Board appeals after judge throws out rate increase for Maine pilots

Maine

A lawsuit filed over fees charged for pilots to guide ships in and out of Portland Harbor is heading to Maine’s highest court.

In a June 1 ruling against the Board of Harbor Commissioners for the Port of Portland and Portland Pilots Inc., Superior Court Justice Lance Walker threw out an increase in the minimum fees charged to ships, calling the sudden hike in May 2017 “highly irregular.”

Bay Ferries Ltd., a Canadian company that operates The Cat ferry from June to October between Portland and Yarmouth, Nova Scotia, claimed in its lawsuit that due diligence wasn’t done before pilotage fees were raised from $709 (each way) to $1,200. Commissioners reduced them to $1,077 in November.

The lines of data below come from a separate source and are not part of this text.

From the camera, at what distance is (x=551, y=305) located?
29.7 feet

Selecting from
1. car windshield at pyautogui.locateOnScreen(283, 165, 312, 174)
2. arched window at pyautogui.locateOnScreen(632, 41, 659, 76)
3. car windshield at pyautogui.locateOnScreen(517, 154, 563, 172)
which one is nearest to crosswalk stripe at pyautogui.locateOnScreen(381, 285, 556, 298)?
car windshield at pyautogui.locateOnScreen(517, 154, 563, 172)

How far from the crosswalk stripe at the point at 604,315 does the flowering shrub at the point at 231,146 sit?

Harold Pachios, the Portland lawyer representing Bay Ferries, said the increase would amount to another $100,000 in fees, meaning the operator would pay about $300,000 annually to have pilots on board for every leg.

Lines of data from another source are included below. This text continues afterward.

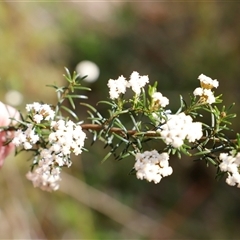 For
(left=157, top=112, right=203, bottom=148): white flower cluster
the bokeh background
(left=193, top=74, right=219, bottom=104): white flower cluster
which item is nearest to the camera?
(left=157, top=112, right=203, bottom=148): white flower cluster

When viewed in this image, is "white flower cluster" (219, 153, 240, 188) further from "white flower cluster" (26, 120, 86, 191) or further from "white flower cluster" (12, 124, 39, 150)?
"white flower cluster" (12, 124, 39, 150)

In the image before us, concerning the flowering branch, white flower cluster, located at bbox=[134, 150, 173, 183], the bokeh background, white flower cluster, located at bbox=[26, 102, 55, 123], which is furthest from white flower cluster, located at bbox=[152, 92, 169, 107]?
the bokeh background

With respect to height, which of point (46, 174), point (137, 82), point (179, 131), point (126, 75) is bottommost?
point (46, 174)

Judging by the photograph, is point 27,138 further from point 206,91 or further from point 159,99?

Bay Ferries, along with the Icelandic shipping company Eimskip and other companies that operate similar-sized ships, is required by state law to have a pilot on board during trips in and out of port. Pilots are picked up and dropped off at stations near Portland Head Light and Two Lights in Cape Elizabeth.

In the Superior Court suit, Bay Ferries contended that the commission refused to present revenue data to justify the rate increase and sufficiently explain the reasons for it. Walker wrote about that concern.

“A 50 percent increase in the minimum fee implemented in a single year strikes the court as questionable at best, particularly without the benefit of a record that includes an analysis of revenues,” he wrote. “The court concludes that for the board to properly discharge its duty of setting a just and reasonable ‘compensation for the services of the pilots,’ it must know the extent to which the pilots are actually compensated.”

But Commissioner Tom Dobbins said the board went to exhaustive lengths to research and provide information that supports the new rate.

“We looked at other places that had comparable elements, and our minimum rates fell well within other ports from Bar Harbor to Rhode Island,” he said, adding that income has gone down as operating expenses have increased.

As for revealing revenues or salaries for Portland Harbor’s four pilots and one apprentice, Dobbins said, “We feel that this is a private operation and we didn’t want to get into that.” In his decision, Walker wrote that the pilots “insisted that information about the pilots’ income was irrelevant to the proceedings.”

Contending that “some errors were made” in Walker’s decision, commissioners decided to appeal the case to the Maine Supreme Court, Dobbins said.

Pachios said Bay Ferries has repeatedly asked commissioners to provide records of both income and expenses.

“They say the pilots need more money, but you need to know how much they get now to know if an increase is in order,” he said. “We sued on that basis. It comes down to transparency, and the pilots have refused to disclose these figures.”

There has been ferry service between Nova Scotia and Portland since 1970 with some gaps, said Pachios, a former U.S. Navy officer. For the first 11 years, companies weren’t required to have a pilot on board because, after numerous trips, captains thoroughly knew the harbors.

In 1981, ships started being charged to have pilots aboard to oversee navigation in and out of port until captains had 15 trips under their belt. That regimen continued for about 30 years. In 2012, state legislators voted to start requiring pilots on each leg of every trip.​

Pachios estimated that the state Supreme Court would hear oral arguments in the case in late summer or early fall.